[DATA IN THIS EXERCISE]
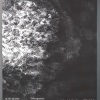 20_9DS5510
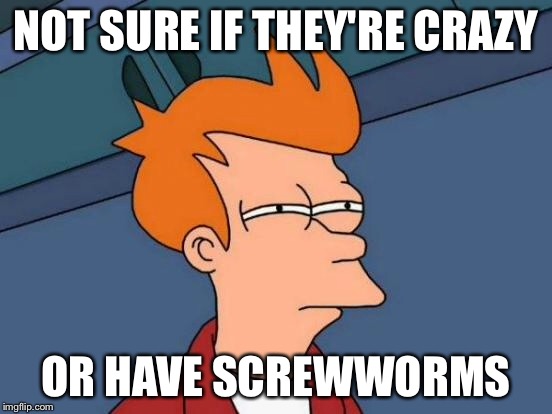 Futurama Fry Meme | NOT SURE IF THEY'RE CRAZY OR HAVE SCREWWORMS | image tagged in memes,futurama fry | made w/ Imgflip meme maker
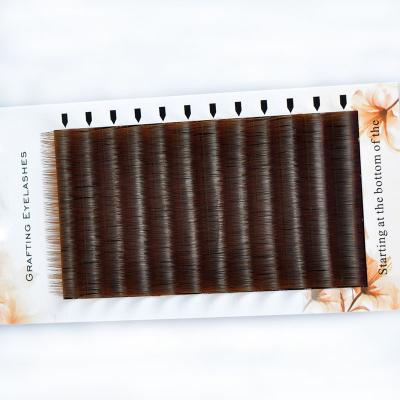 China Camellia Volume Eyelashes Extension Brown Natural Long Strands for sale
[/DATA IN THIS EXERCISE]
[DATA IN THIS EXERCISE]
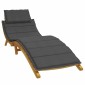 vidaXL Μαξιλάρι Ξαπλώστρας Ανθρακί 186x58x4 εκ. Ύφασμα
[/DATA IN THIS EXERCISE]
[DATA IN THIS EXERCISE]
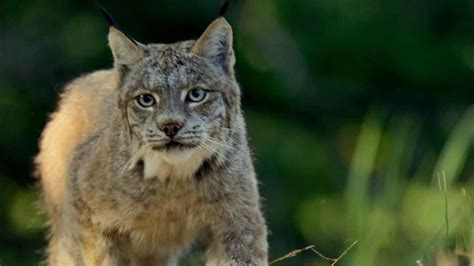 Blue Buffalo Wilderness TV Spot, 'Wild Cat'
[/DATA IN THIS EXERCISE]
**DIRECTIONS:** The material above holds pictures; leave them out and set down exactly the lines from the line with "Futurama Fry Meme" to the line with "China Camellia Volume", both included.

**SOLUTION FOR THIS TASK:**
 Futurama Fry Meme | NOT SURE IF THEY'RE CRAZY OR HAVE SCREWWORMS | image tagged in memes,futurama fry | made w/ Imgflip meme maker
 China Camellia Volume Eyelashes Extension Brown Natural Long Strands for sale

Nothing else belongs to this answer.